Wilmington's Food Infancy

We get a lot of people that come through our doors from various areas - both local and afar - and we are constantly asked about our food area and places to eat beyond our establishment.  The question always gives us pause, even hesitation, before answering.  And invariably, always has me wanting to cast a caveat explanation - so I will do it here, at our own risk. 

It isn't that there isn't good food here in this town.  And it isn't that the same pitfalls (hit or miss service, inconsistent food quality) that ail some of our great food destinations regionally (Asheville, Raleigh, Richmond, Charleston) don't occur.  I mean, sometimes a server has a bad night, sometimes the kitchen is understaffed on a shift. "Trainwrecks" happen - even to us.  Every restaurant, even the ones with regional celebrity chefs, have a constant challenge of balancing performance with profitability.  BUT, what about the food?  Ahhh, yes, the food.  Well, here is the thing:  Wilmington just isn't that good yet.  

There are countless reasons why. 

For one, the talent level - while good - isn't nearly high enough.  And when it is, it is too often misguided or so wrapped in itself, that it gets steered away from improving its own kitchen and menu.    Don't get me wrong, it's very challenging developing a menu each week/month/season that tests your hourly talent, forces your own progress, and appeals to (and simultaneously challenges) your guests' palates.  But to be great in this industry, to make regional - or more ambitious - headlines with your food, you have to be willing to force the issue.  In Wilmington, there are too many easy ways out.  And too often, the chefs and restaurants in this town, are too willing to abide.

Another contributing factor limiting this area's food prominence is the area magazines/publications/news and their writers/reviewers. There is no critical element to most of the food reviews of every restaurant in this area.  Most, if not all, are aimed at a "social share" approach that looks to align itself as a partner with the establishment (at times for future advertising/marketing/business propositions), more than a critique of food, service, or the experience.  "Give the readers information, let them decide."  "Give the establishment exposure, if they succeed - hopefully they will in-turn do advertising with us."  Some of the areas publications' approach is more direct: "if you do advertising with us, we will write a feature article on you."  Paid press rarely advances a kitchen or a chef.  A non-challenging review(er) of an establishment isn't the reason for bad food, it isn't the reason for stagnating a city's food growth, but it does reinforce a sense of a homogeneous cuisine, where if all are good, then none are great. 

The biggest reason for Wilmington's shortfall here is "time".  Good kitchens/chefs take years to develop.  Great kitchens take longer.  The restaurant turnover in this town is, like other cities, brutal.  There are a few seedlings in place, but hardly any that root.
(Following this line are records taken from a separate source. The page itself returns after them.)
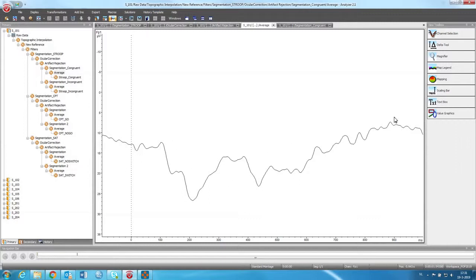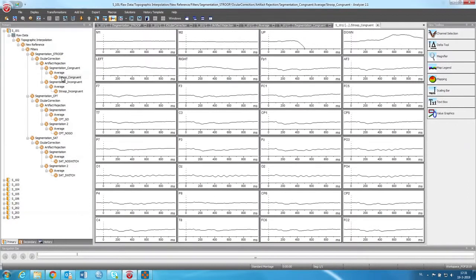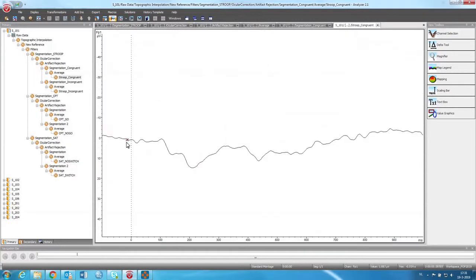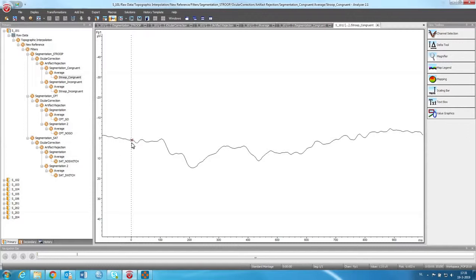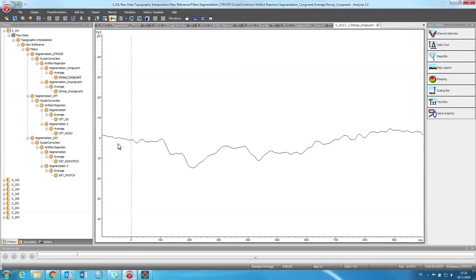Then the final step is to baseline correct it. If we click on there, you can see that now it's nicely baselined around zero. And it uses this part before the event starts. The event starts at one over here. And it's nicely baseline corrected. So the ERP is nicely on the baseline. And that's the final step.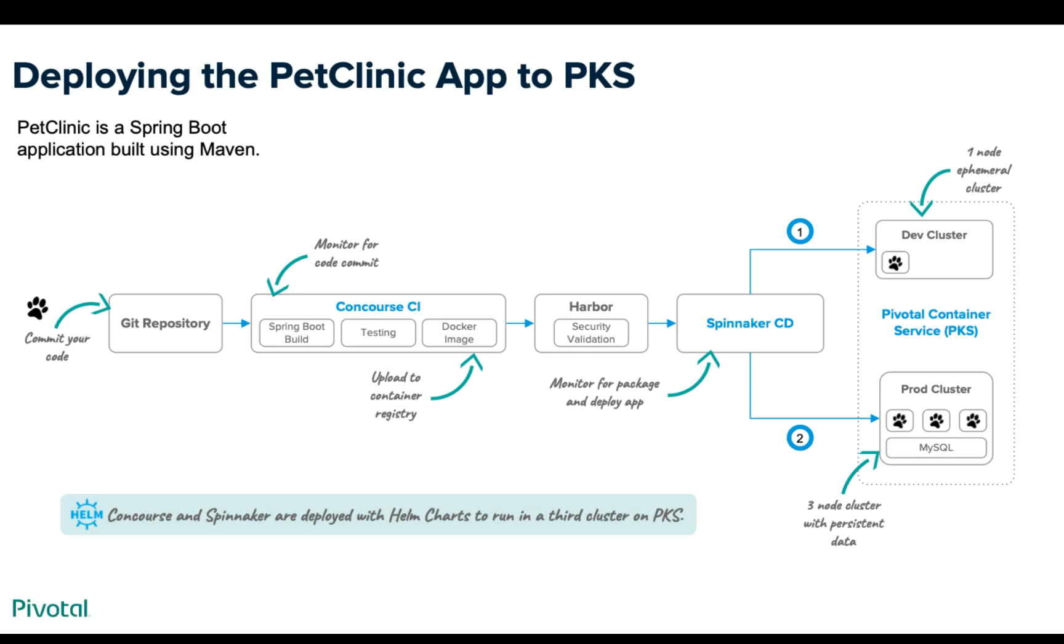So again this is what the environment looks like. We're starting with Git, Concourse is doing our continuous integration testing and building, Harbor is holding our container images and scanning them for security issues, and then we're using Spinnaker to deploy to multiple environments based on different pipelines, based on different scenarios. In this case if it's dev or prod, and as I mentioned before these are all production Kubernetes instances.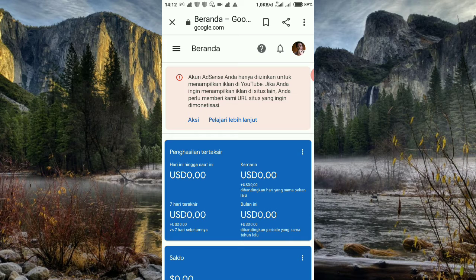Jadi setelah mencapai ambang batas 10 dolar, maka saya otomatis bisa verifikasi akun bank. Disini saya menggunakan akun Adsense tahun 2011, jadi buatnya tahun 2011, tanpa verifikasi akun bank.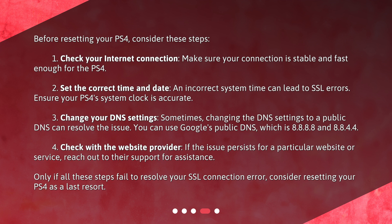Four: check with the website provider. If the issue persists for a particular website or service, reach out to their support for assistance. Only if all these steps fail to resolve your SSL connection error should you consider resetting your PS4 as a last resort.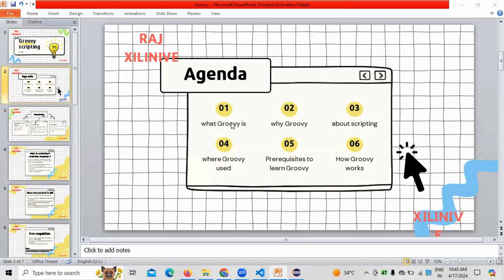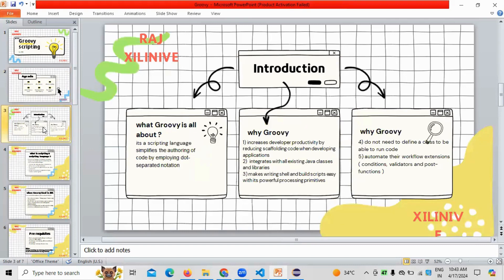You need to understand how Groovy scripting differs from other scripting languages. Groovy scripting is used exclusively nowadays in the field of Jira. Whenever we are working on Jira administration - configuring projects, running scripts, identifying results - Groovy scripting is what we use. It is normally used to simplify the kind of code we use in application development.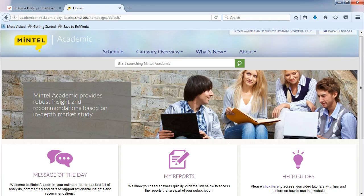Continuing our search in Mintel, the lifestyle reports are an excellent tool for researching consumer demographics and one resource for finding psychographic information on consumers.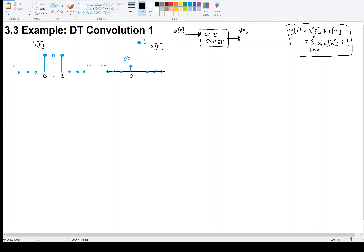So I'm going to try to evaluate this sum. I know that y of n is this sum: k equals from minus infinity to infinity of x of k times h of n minus k. Notice that x of k, when we plug in values for k, is going to be 0 for most values of k, except when k is 0 — x of 0 is 0.5 — and x of 1 is 2. So for this particular example, I'm just going to go from k equals 0 to 1 of x of k times h of n minus k.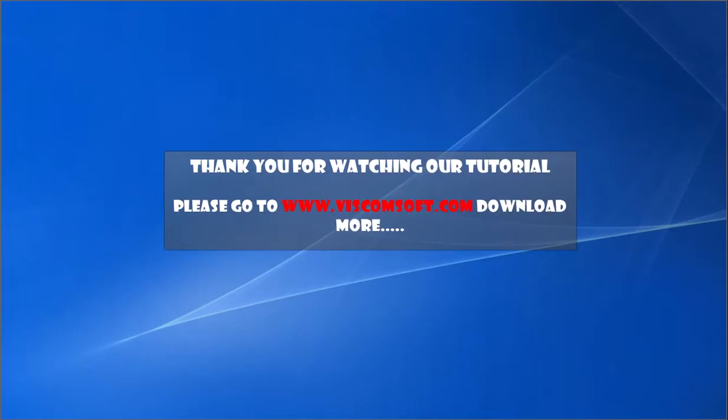Thank you for watching our tutorial. Please go to www.viscomsoft.com download more.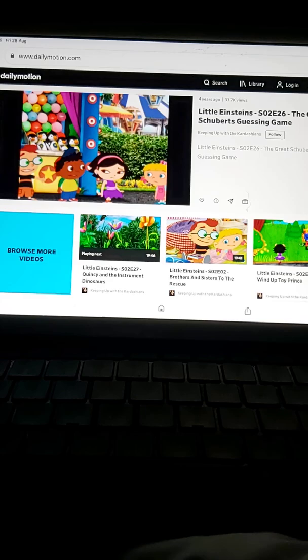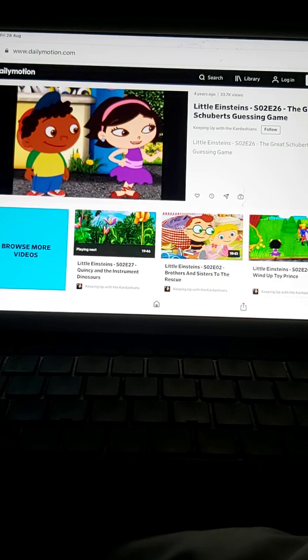Don't worry, Annie. We'll help you find the music clues. Leo's right. If we find the music clues, you can still win the game and get the horse.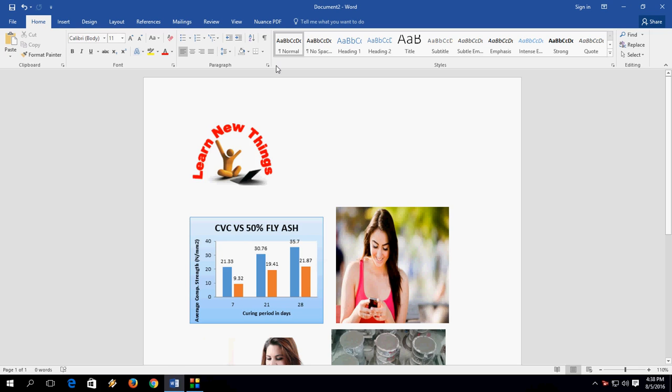Hey guys, welcome back again. I am MJ. In this video I will show you how to find and replace images in Microsoft Word. You can use this method in all versions of Word like 2003, 7, 10, 13, and 16.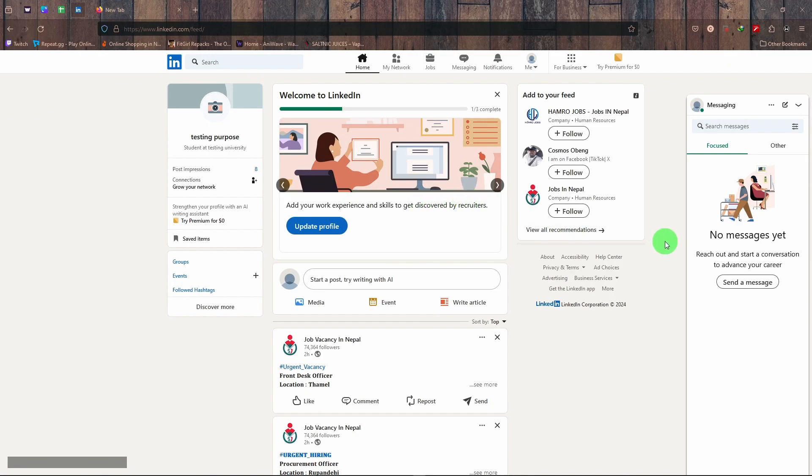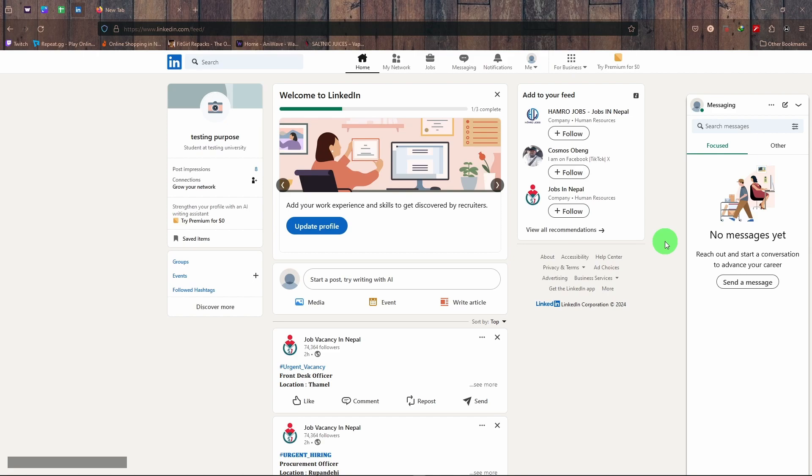Right, so if you want to get a top voice badge on your profile, what you need to do is post regularly and consistently with some of your original works.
Look, I desperately want this city to have better food - to have better restaurants that move our great little city into a great food town. There are restaurants with potential here. I have eaten at all of them.  All the highly praised/highly reputable and all the "most popular".  There is only one or two I would recommend, and the great meals I have there are rare.

So, in short, don't be surprised when you have "hit and miss" experiences in this town for food.  We are in our food infancy in this town, but we are working everyday to grow.   What we need is a few more critical voices (beyond the yelpers and tripvisor variety) to reinvigorate complacent cooks bent on being "chefs". 

Who's the "Chef"?

This sums it up perfectly, and I thought it merited a re-post for our work here.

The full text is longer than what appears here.